## WORK TASK
Print only the lines below from the one with "Photo 1 of Ohniyou" to the one with "Sheer Floral Burnout Infinity Scarf", both included, exactly as they stand. Leave pictures out.

## GIVEN RECORDS
====================

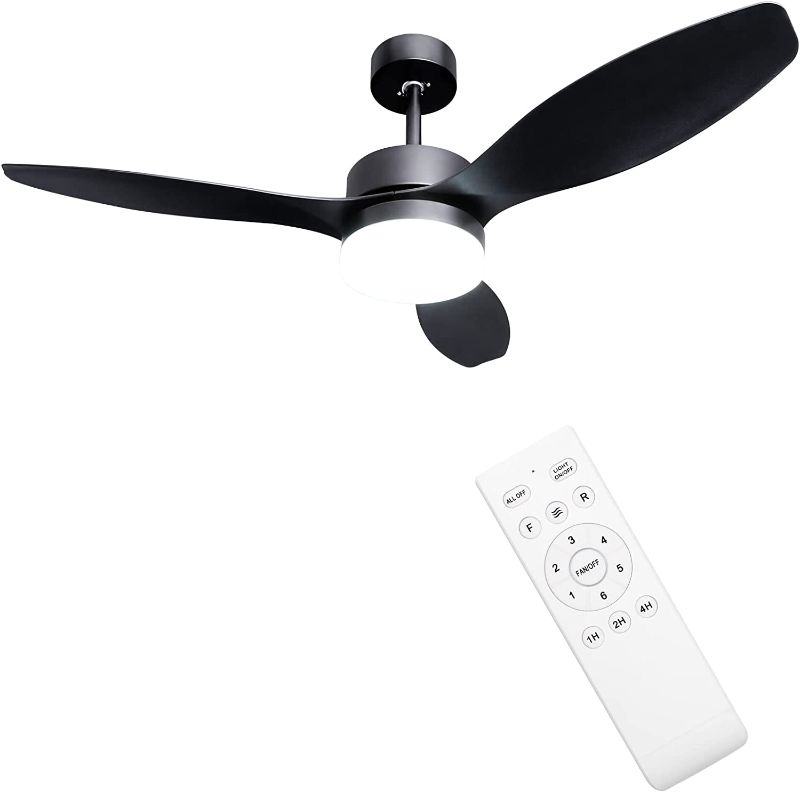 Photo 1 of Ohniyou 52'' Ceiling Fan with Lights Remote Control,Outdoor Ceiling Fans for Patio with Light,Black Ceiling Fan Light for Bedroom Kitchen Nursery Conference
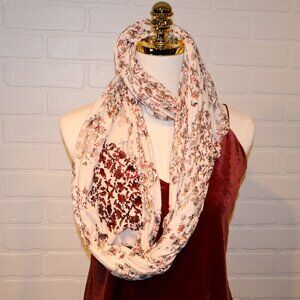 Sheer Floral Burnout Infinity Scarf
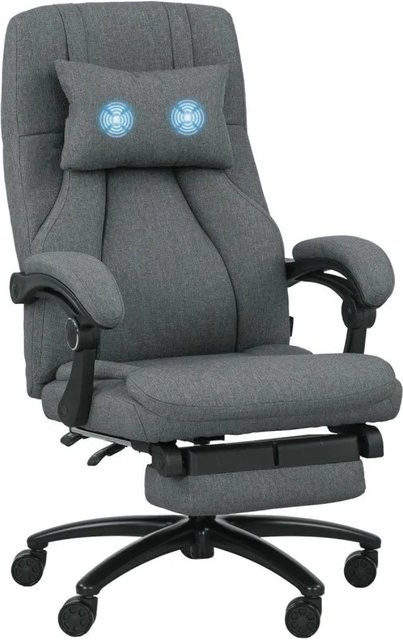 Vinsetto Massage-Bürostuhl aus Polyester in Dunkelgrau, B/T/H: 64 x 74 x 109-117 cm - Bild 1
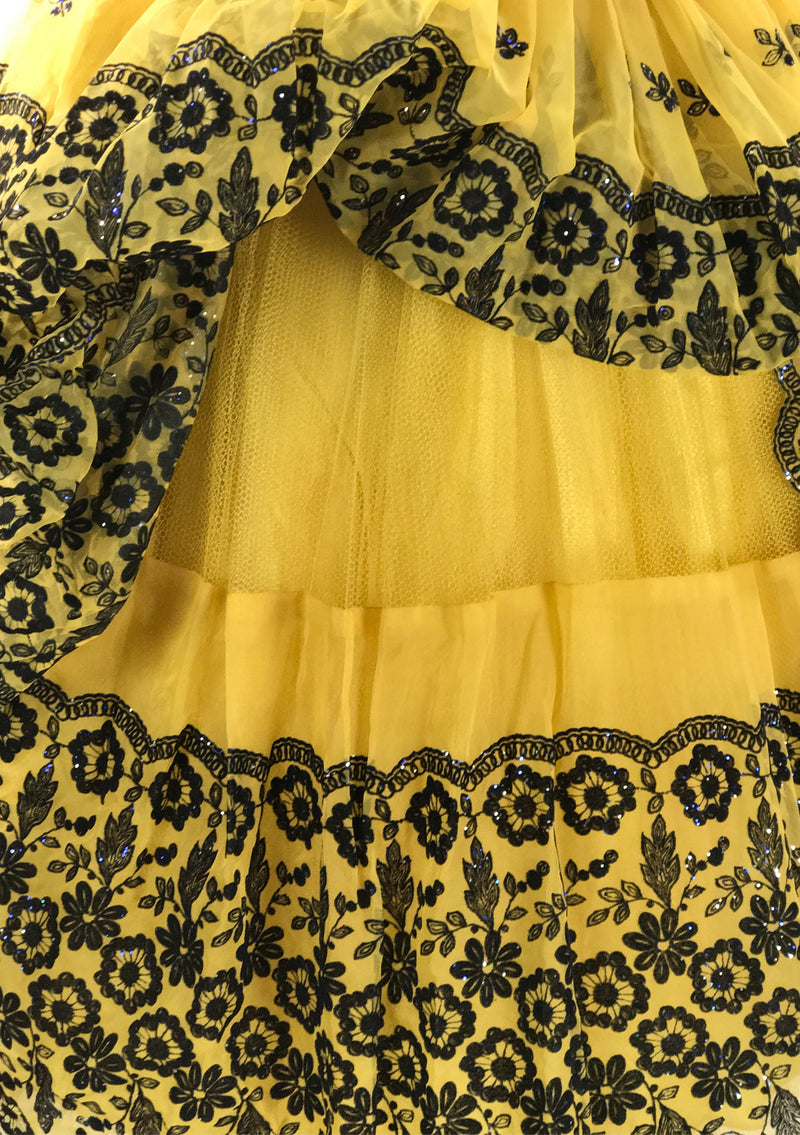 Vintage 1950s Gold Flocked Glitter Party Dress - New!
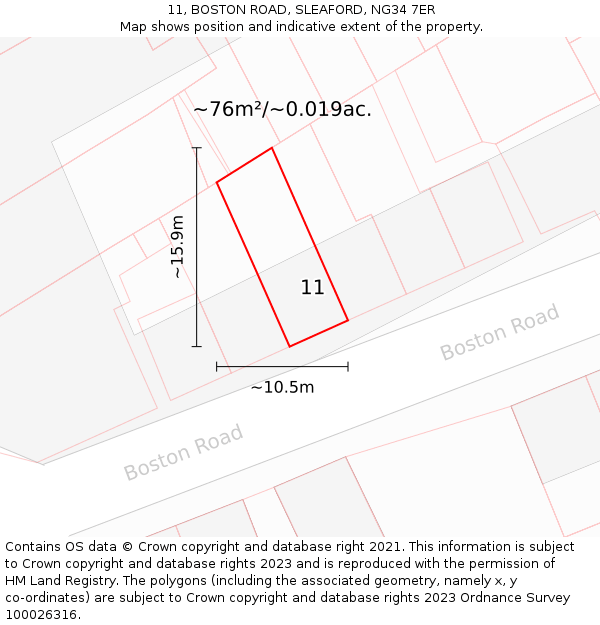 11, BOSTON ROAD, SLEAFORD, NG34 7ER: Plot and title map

====================

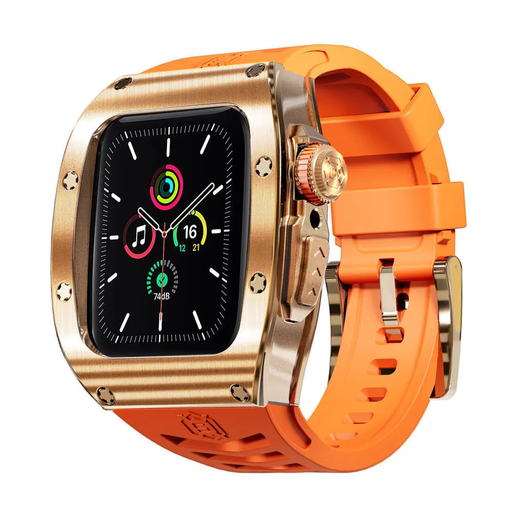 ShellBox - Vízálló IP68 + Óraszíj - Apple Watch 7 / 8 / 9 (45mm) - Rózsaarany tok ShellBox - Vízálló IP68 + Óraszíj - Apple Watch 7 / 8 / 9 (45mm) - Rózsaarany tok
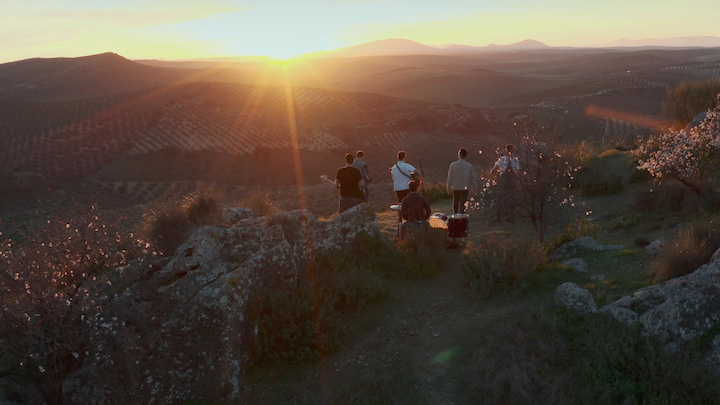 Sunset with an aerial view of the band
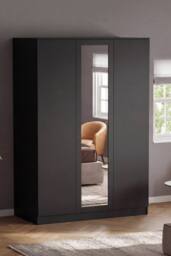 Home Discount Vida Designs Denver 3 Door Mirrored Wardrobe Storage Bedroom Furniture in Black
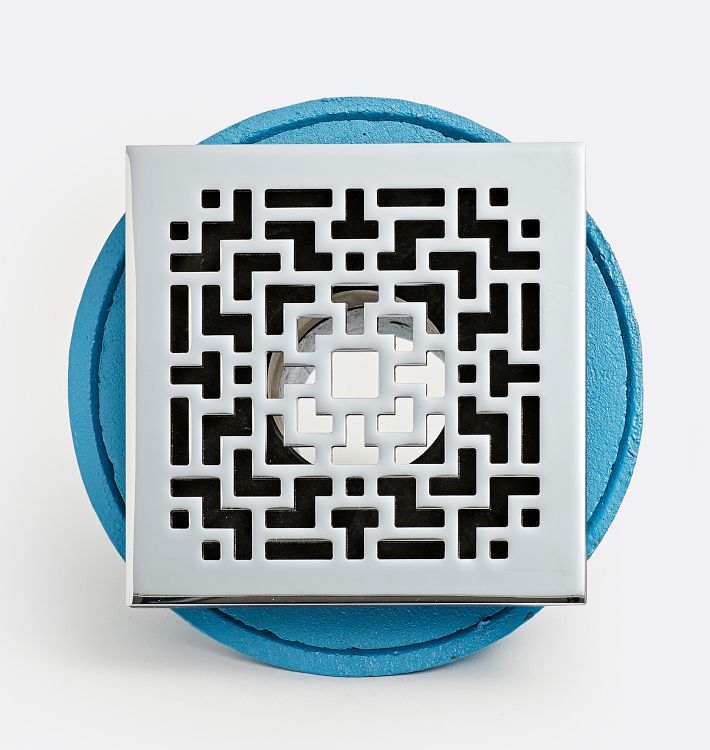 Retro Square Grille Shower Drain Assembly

====================

## WRITTEN REPLY
 Photo 1 of Ohniyou 52'' Ceiling Fan with Lights Remote Control,Outdoor Ceiling Fans for Patio with Light,Black Ceiling Fan Light for Bedroom Kitchen Nursery Conference
 Sheer Floral Burnout Infinity Scarf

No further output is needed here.